The people celebrated in The Independent on Sunday’s annual Happy List come from all corners of the UK and all cultural backgrounds. What unites them is their commitment to improving their local community, which in turn makes Britain a kinder, more caring place to live.

The Happy List began in 2008 as an antidote to greed-obsessed rich lists, and now the desire to honour these great Britons is growing across the country.

Inspired by our national search, Mike Zeidler ran the first citywide Happy List in Bristol in 2013, celebrating 50 local people for their joy-spreading endeavours.

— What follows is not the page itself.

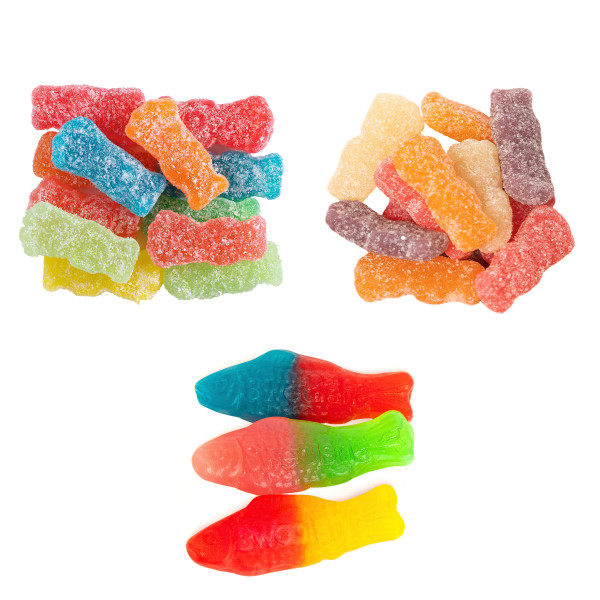 Sour Patch Kids Candy & Swedish Fish Tails Candy Summer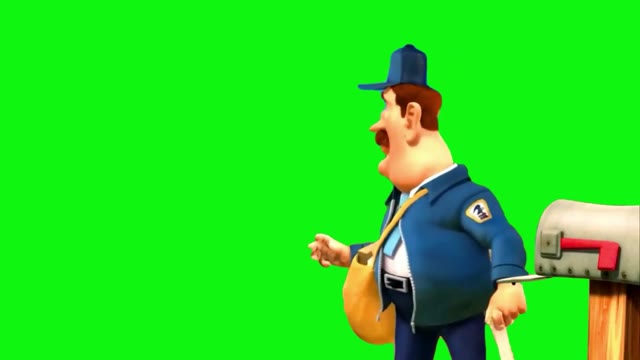 barnyard mailman green screen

Mike and his wife Liz, who co-founded Happy City  ( five years ago, are now helping other cities including Nottingham, Brighton and Bath produce their first Happy Lists. They have also received interest from places in France, Australia, the United States and 14 other countries.

“These Happy Lists are a fantastic way to recognise the value in cities that isn’t recorded by GDP growth,” says Mike. “It is measuring what really matters, and it encourages people to do more happy things, or say thank you to others. People look at it and feel pleased and proud to live where they live.”

Instead of seeing cities as alienating or unfriendly, Mike founded Happy City on the belief that they exist to both corral our conviviality and channel it. Happy City supports community groups in Bristol and works with them to involve more people and discuss what makes people happy. It identifies cities as the key to improved wellbeing for people and planet.

Last week, George Osborne seemed to support that same ethos by unveiling plans to devolve power to England’s cities to renew a sense of civic pride, as well as to reignite economies. It was another example of the growing interest among politicians in understanding and increasing the population’s happiness.


“We need to redefine what it means to prosper because GDP growth is too narrow a definition,” says Mike. “There are objections that happiness is fluffy or subjective, but it is a powerful motivator. Happiness is the golden key that invites everyone in to discuss everything from justice to education to climate change, because everyone can answer ‘would this make you happy?’ ”

We might be some way off using “happy” as the primary adjective for Britain’s cities, but Mike believes they all have the potential to be “happy-making”.

As well as appearing in a special section of the paper next month, this year's chosen 100 Happy Listers will be invited to a celebratory reception hosted in their honour by the luxury hotel group Grange Hotels ( in central London.

Every individual featured on the Happy List will also receive the additional accolade of being put forward for special recognition at the JustGiving 2015 Awards.